[Exercise input Boundary: Start]

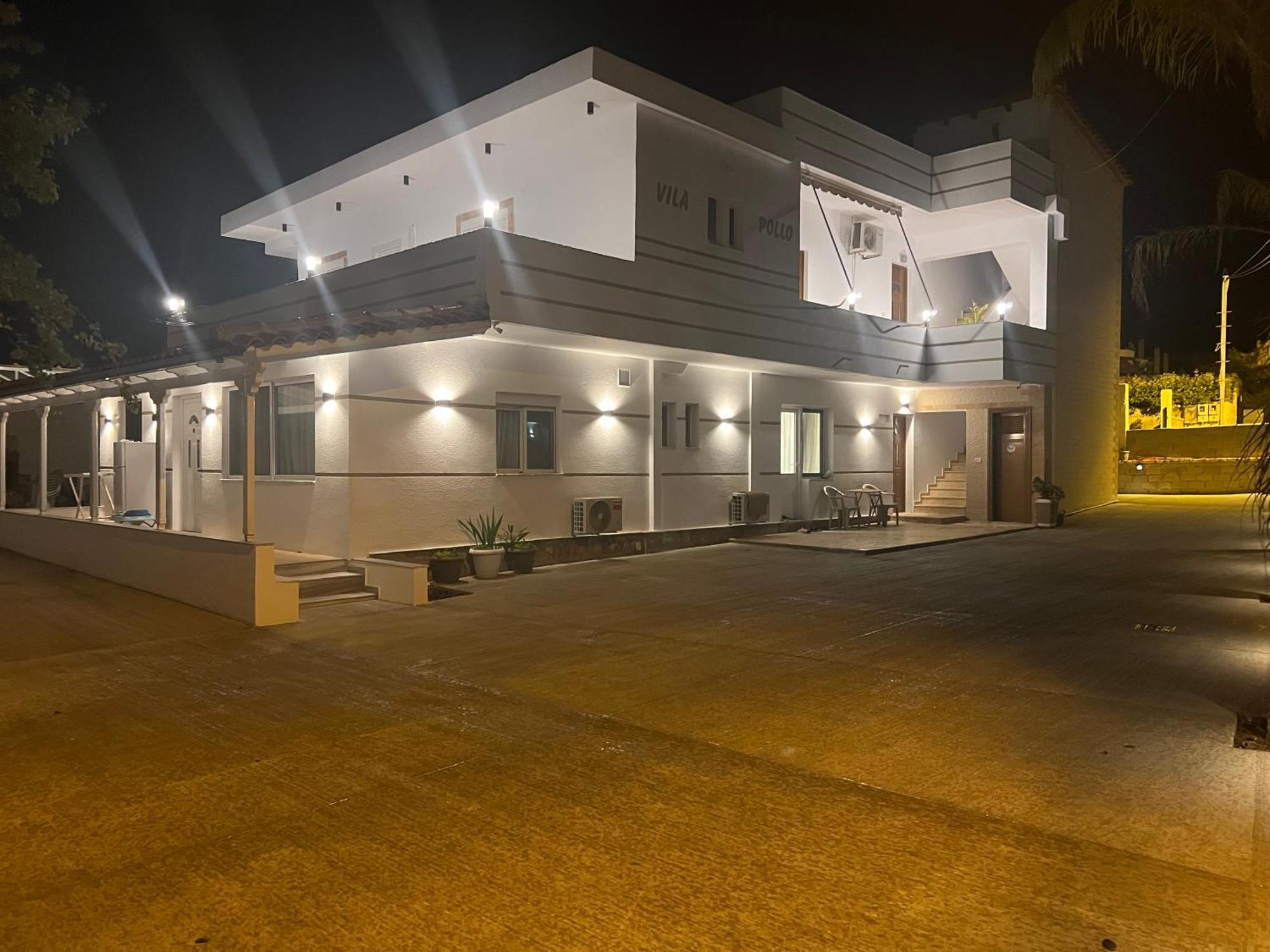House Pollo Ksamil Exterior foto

[Exercise input Boundary: End]
[Exercise input Boundary: Start]

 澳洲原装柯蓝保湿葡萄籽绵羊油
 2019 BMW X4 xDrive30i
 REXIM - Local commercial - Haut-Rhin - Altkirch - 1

[Exercise input Boundary: End]

- _What you are asked to do_
What you return should be exactly the lines above, starting at the one with "澳洲原装柯蓝保湿葡萄籽绵羊油" and ending at the one with "REXIM - Local", and nothing else.

- _Expected answer_
 澳洲原装柯蓝保湿葡萄籽绵羊油
 2019 BMW X4 xDrive30i
 REXIM - Local commercial - Haut-Rhin - Altkirch - 1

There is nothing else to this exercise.